The AI security conversation at DEF CON has matured. This year’s focus moved beyond defining “AI red teaming” to making it repeatable, meaningful, and tied to real-world risk. Across the AI Village, OWASP tracks, and the AIxCC stage, speakers emphasized continuous evaluation loops, practical human-AI collaboration, and turning technical findings into policy and operational change.

For HackerOne, tracking these developments is critical to understanding where AI security is headed and translating those trends into actionable insights. To that end, DEF CON still remains one of the best places to see the field evolve in real time; spotting what’s working, where the gaps are, and which innovations will shape the next wave of tools and techniques driving our product strategy.

Below are my field notes and key takeaways from standout sessions at my fifth DEF CON, DC33.

CSET – AI Red Teaming as an Evaluation Process

AI Village – Jessica Ji & Evelyn Yee, CSET/Georgetown - Stanford

The CSET team reframed AI red teaming as one of two core AI evaluation methodologies, alongside benchmarking.

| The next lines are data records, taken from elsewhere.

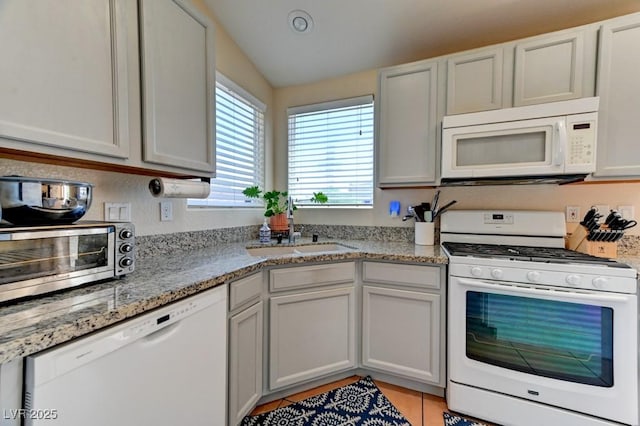 3823 Aspen Creek Ave, North Las Vegas, NV 89031 - kitchen with white appliances, a sink, light tile patterned flooring, light stone countertops, and lofted ceiling
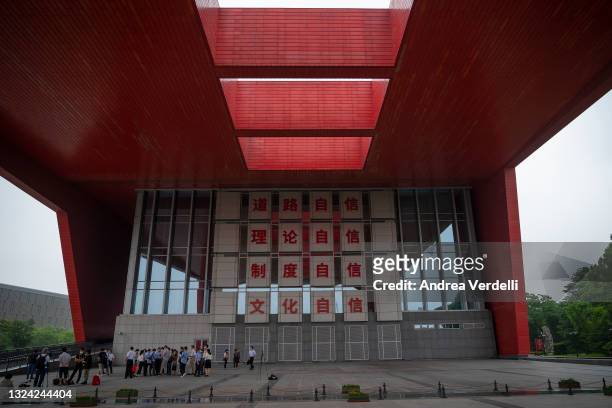 The press interviews some students and professors at CELAP and some slogans are seen on the wall of the academy on June 18, 2021 in Shanghai, China....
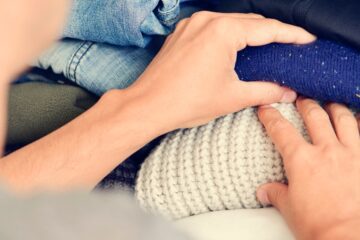 A Caucasian young man sorts through folded clothing on a white shelf, separating a wool shirt from a blue item.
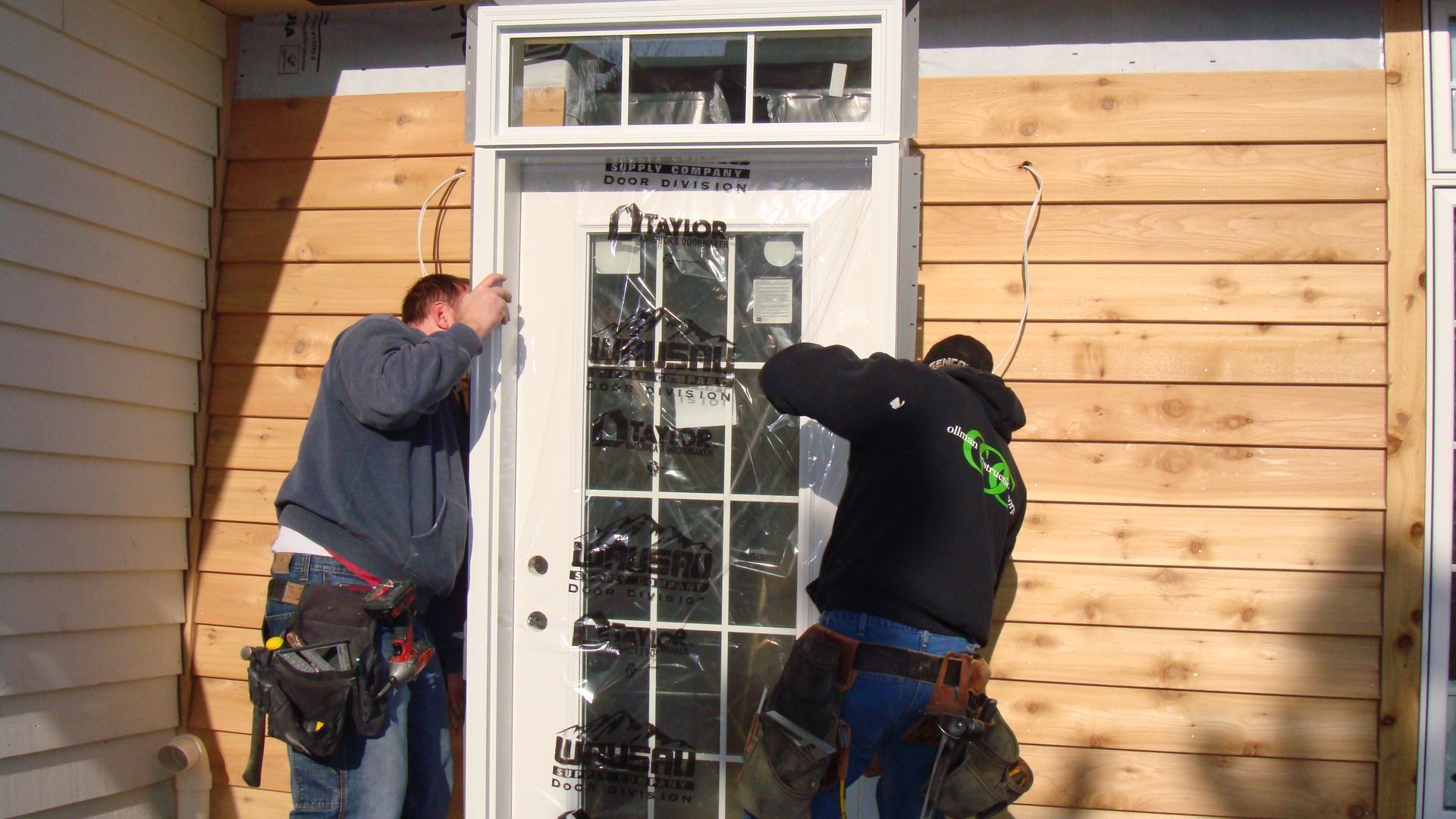 Two workers installing trim around a white door on a house exterior.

As a refresher, AI benchmarks measure performance on fixed tasks; whereas AI red teaming probes behavior under adversarial conditions.

Their “design decisions” framework, covering threat models, tester expertise, tooling, and access, showed why two red teams can share a name but deliver completely different results.

A Broad Menu of Design Options

Category

Examples

Threat model

  • Risks
  • Actors being emulated
  • Scope

Testers

  • Expertise levels
  • Number of testers
  • Access levels

Resources

  • Time spent testing
  • Financial cost
  • Compute cost

Target system

  • Version
  • Guardrails
  • Release stage

Metrics

  • Success criteria
  • Summary statistics

Methods

  • Manual vs. automated
  • Use of AI

Tooling

  • Framework or eval harness

The policy emphasis in their presentation was strong: without transparent, interoperable reporting, results risk becoming siloed anecdotes rather than governance inputs. CSET positioned common vocabulary, frameworks, and reporting standards to be critical to creating a “virtuous cycle” that improves AI evaluations and informs policy, acquisition, and deployment decisions.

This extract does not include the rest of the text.